## Required work
Go to the line with "Cooking catfish curry" in the entries below and write out every line from there through the line with "Pure Honey and", exactly and without pictures.

## Provided data
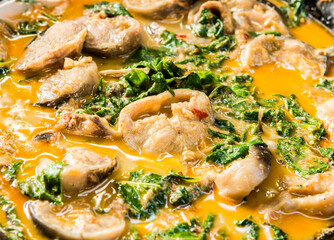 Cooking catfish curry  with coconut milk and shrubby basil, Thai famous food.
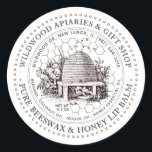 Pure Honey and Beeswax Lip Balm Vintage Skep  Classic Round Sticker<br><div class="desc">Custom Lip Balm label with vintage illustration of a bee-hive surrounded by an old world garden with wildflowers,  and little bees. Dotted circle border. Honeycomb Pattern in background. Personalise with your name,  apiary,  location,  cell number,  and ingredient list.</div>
* * *
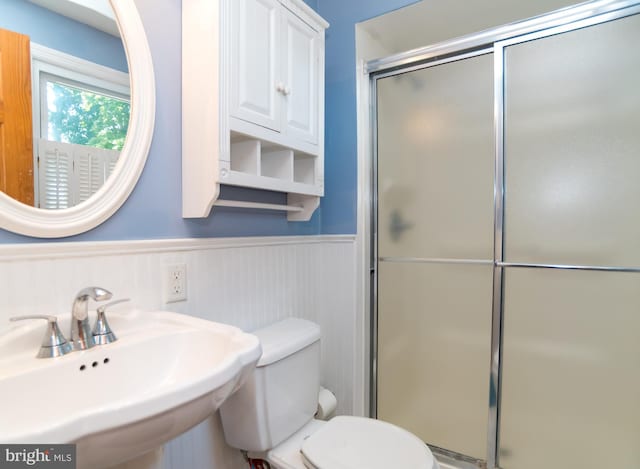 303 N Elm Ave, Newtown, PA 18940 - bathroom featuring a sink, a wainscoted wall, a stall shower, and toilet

## Task answer
 Cooking catfish curry  with coconut milk and shrubby basil, Thai famous food.
 Pure Honey and Beeswax Lip Balm Vintage Skep  Classic Round Sticker<br><div class="desc">Custom Lip Balm label with vintage illustration of a bee-hive surrounded by an old world garden with wildflowers,  and little bees. Dotted circle border. Honeycomb Pattern in background. Personalise with your name,  apiary,  location,  cell number,  and ingredient list.</div>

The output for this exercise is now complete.